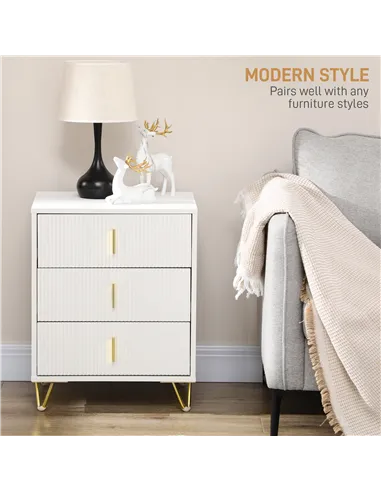 HOMCOM Set of 2 Elegant Chest of Three Drawers - White/Gold-Tone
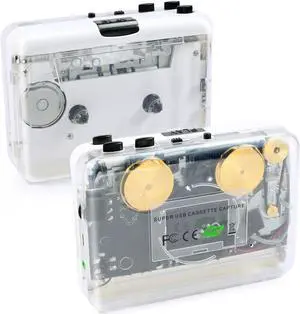 Auto Reverse Clear Stereo Cassette Player,Built-in Cool Copper Wheel MovementEarphone,Cassette Tape to MP3 Converter with Tape Converter Software,Powered by USB Power Cord or AA Battery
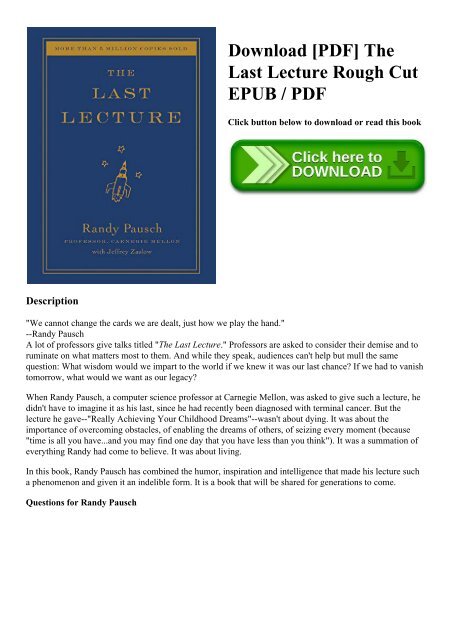 The Last Lecture By Randy Pausch Pdf the last lecture
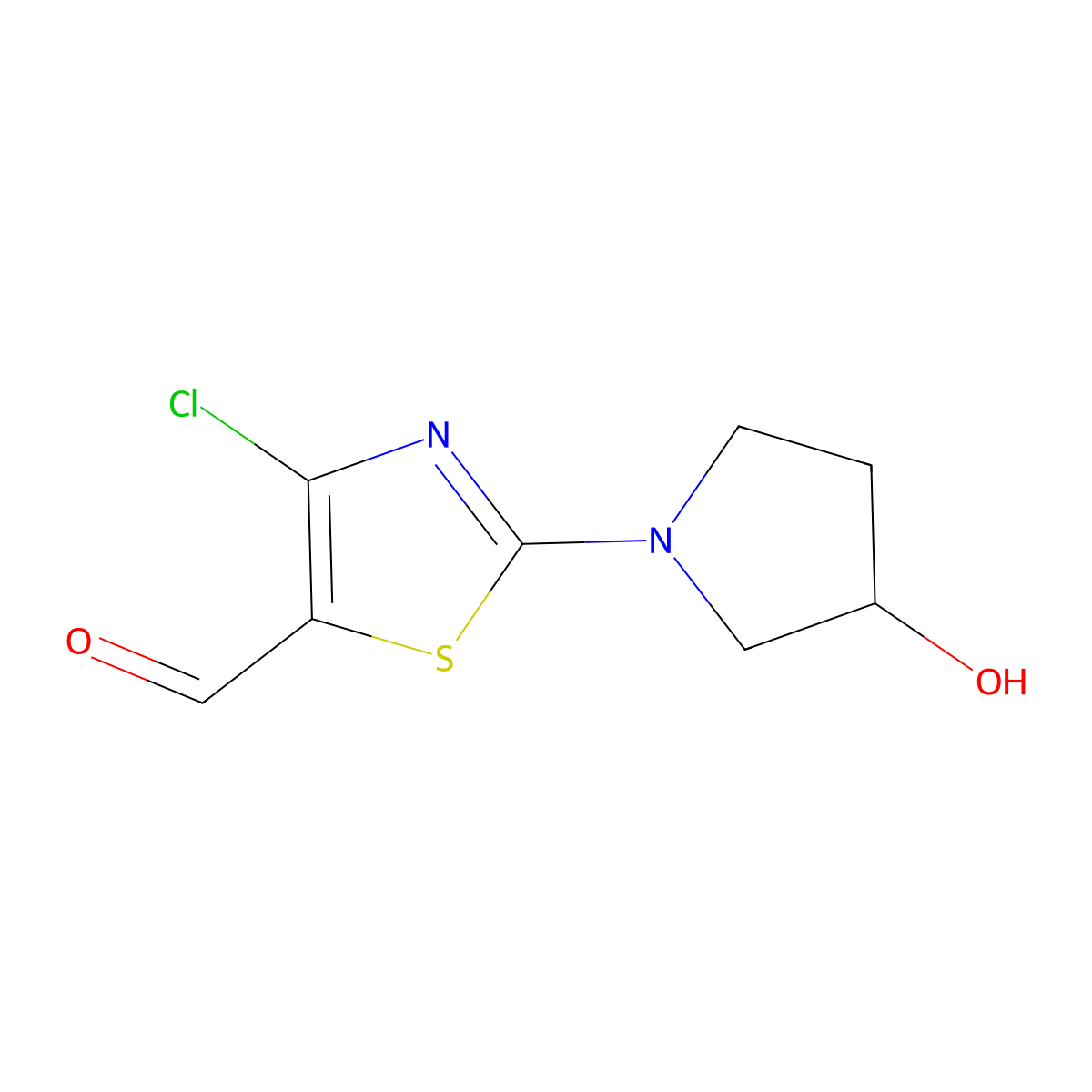 4-Chloro-2-(3-hydroxypyrrolidin-1-yl)-1,3-thiazole-5-carbaldehyde molecular structure, CAS 1449503-98-3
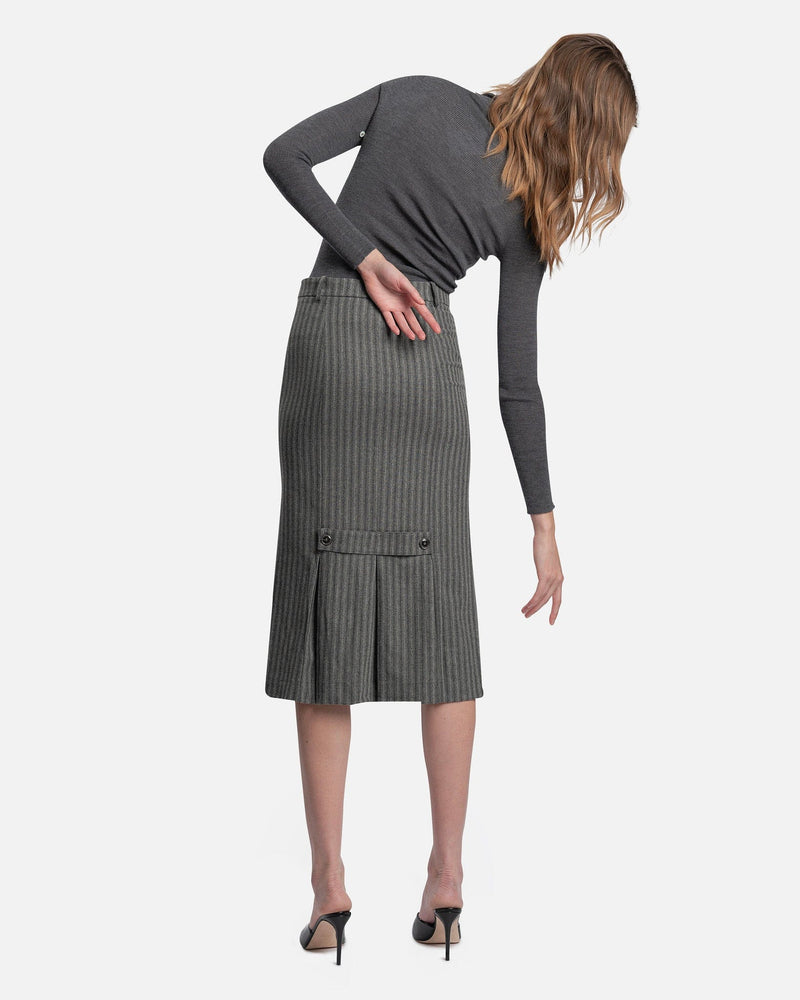 Turbulence Cotton Blend Skirt in Grey SVRN Turbulence Cotton Blend Skirt in Grey SVRN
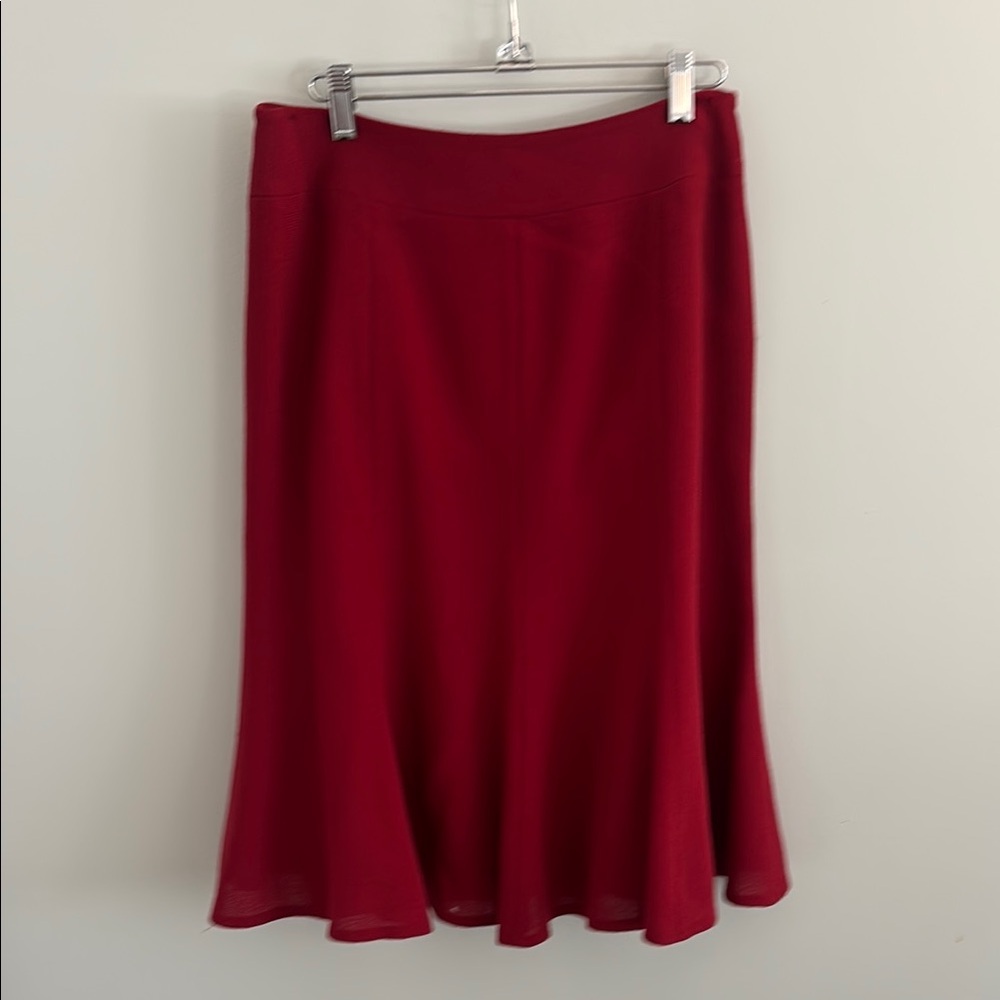 Albert Nipon Red A-Line Midi Skirt for Cocktail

□ □ □ □

**WHAT THE TASK ASKS:**
Reproduce the whole listing verbatim and keep all pictures out of it.

**WRITTEN RESPONSE:**
 HOMCOM Set of 2 Elegant Chest of Three Drawers - White/Gold-Tone
 Auto Reverse Clear Stereo Cassette Player,Built-in Cool Copper Wheel MovementEarphone,Cassette Tape to MP3 Converter with Tape Converter Software,Powered by USB Power Cord or AA Battery
 The Last Lecture By Randy Pausch Pdf the last lecture
 4-Chloro-2-(3-hydroxypyrrolidin-1-yl)-1,3-thiazole-5-carbaldehyde molecular structure, CAS 1449503-98-3
 Turbulence Cotton Blend Skirt in Grey SVRN Turbulence Cotton Blend Skirt in Grey SVRN
 Albert Nipon Red A-Line Midi Skirt for Cocktail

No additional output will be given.